Records for the exercise START

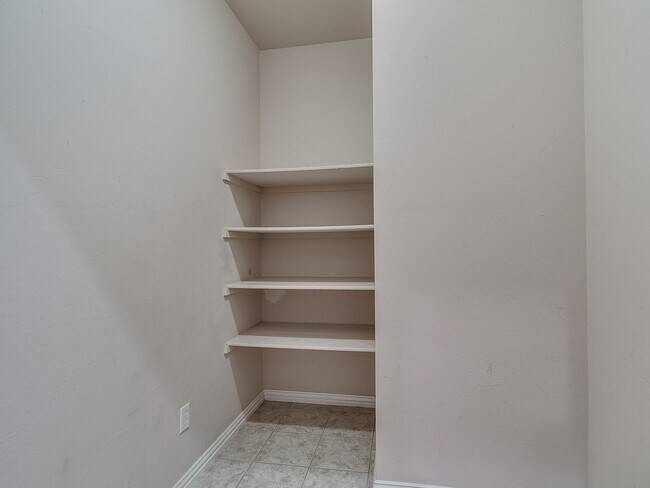 Building Photo - 2044 Sq. Ft. Home- Gated Community with a ...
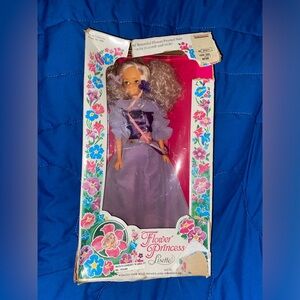 Flower Princess Lisette 
Montgomery Ward 
Vintage
48-10595 in box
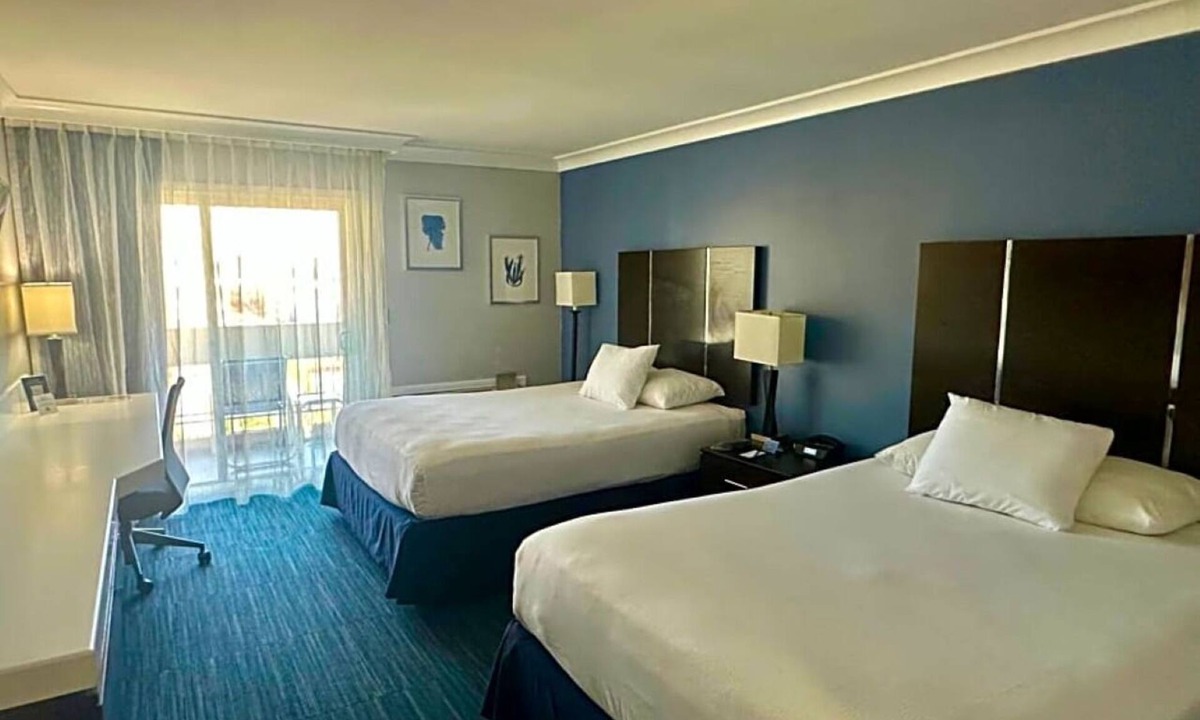 Old Towne Hotel | Family-Friendly Room Near Waterfront and Local Seal Beach Charm with Breakfast
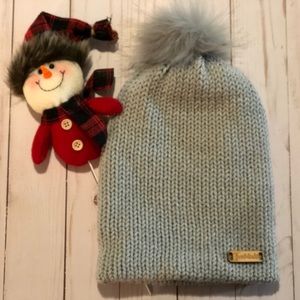 Gray Slouchy Pom Pom Beanie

Records for the exercise END

▶ _Try it_:
Give back the full data exactly as it reads, but drop the pictures.

▶ _Exercise solution_:
 Building Photo - 2044 Sq. Ft. Home- Gated Community with a ...
 Flower Princess Lisette 
Montgomery Ward 
Vintage
48-10595 in box
 Old Towne Hotel | Family-Friendly Room Near Waterfront and Local Seal Beach Charm with Breakfast
 Gray Slouchy Pom Pom Beanie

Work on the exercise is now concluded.